Negar que la gloria no está en el cuerpo, es tanto como negar que Cristiano Ronaldo no es un poco pájaro al levantarse para rematar un centro al área; sería tanto como pensar que Lionel Messi no concentra en sus piernas una energía misteriosa que le confiere el don de la ubicuidad, haciéndolo más veloz que la pelota; sería tanto como decir que los rivales de Ronaldinho no perdían sus facultades ante su presencia, hipnotizados por una suerte de hechizo tropical; sería decir, equivocadamente, que los goles de chilena y tijera de Hugo Sánchez no asombraban hasta el paroxismo, como ciertos milagros de la
naturaleza.

Las figuras que glorificamos nos vienen en una forma primitiva y salvaje, como lo es la realidad que nos circunda; una realidad que se palpa, una fuerza cultural que condensa las ilusiones y los anhelos de la gente. Los dioses del futbol están hechos a imagen y semejanza nuestra, andan por la galaxia con nosotros y son, al mismo tiempo, la revelación y el misterio.

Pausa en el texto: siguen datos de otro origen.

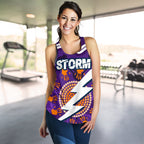 (Custom Personalised) Storm Women's Racerback Tank Indigenous Aboriginal Melbourne - Sun Style - Vibe Hoodie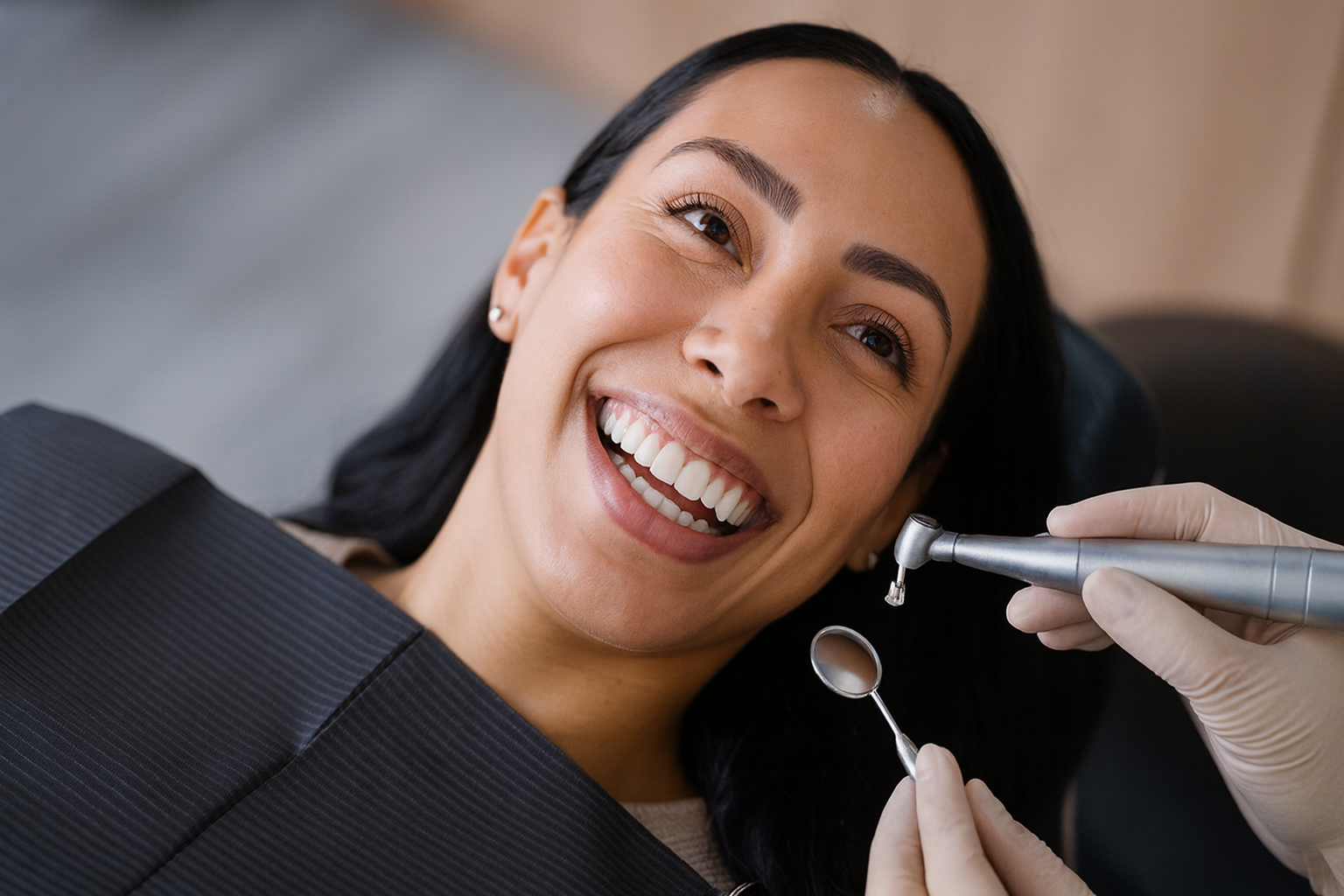 Preventive dental cleaning focused on plaque and biofilm removal to support healthy gums and long-term oral wellness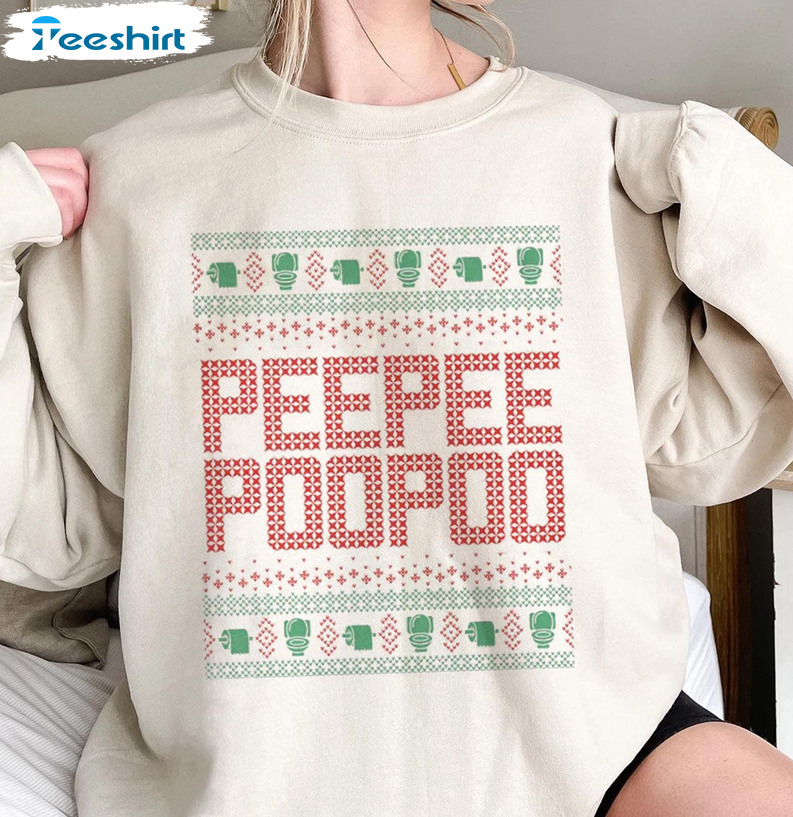 Peepeepoopoo Tacky Christmas Shirt, Funny Xmas Crewneck Short Sleeve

El poeta Antonio Deltoro, una vez más, en su poema Futbol, nos dice que contra la dictadura de la mano, hay que cantar al pie emancipado por el balón y el césped, al corazón del pie, a su cabeza y a su vuelo aliado de Mercurio. Nos recuerda que hay que cantar a los pies fatigados de trabajar las sierras que llegaron al llano e inventaron el futbol.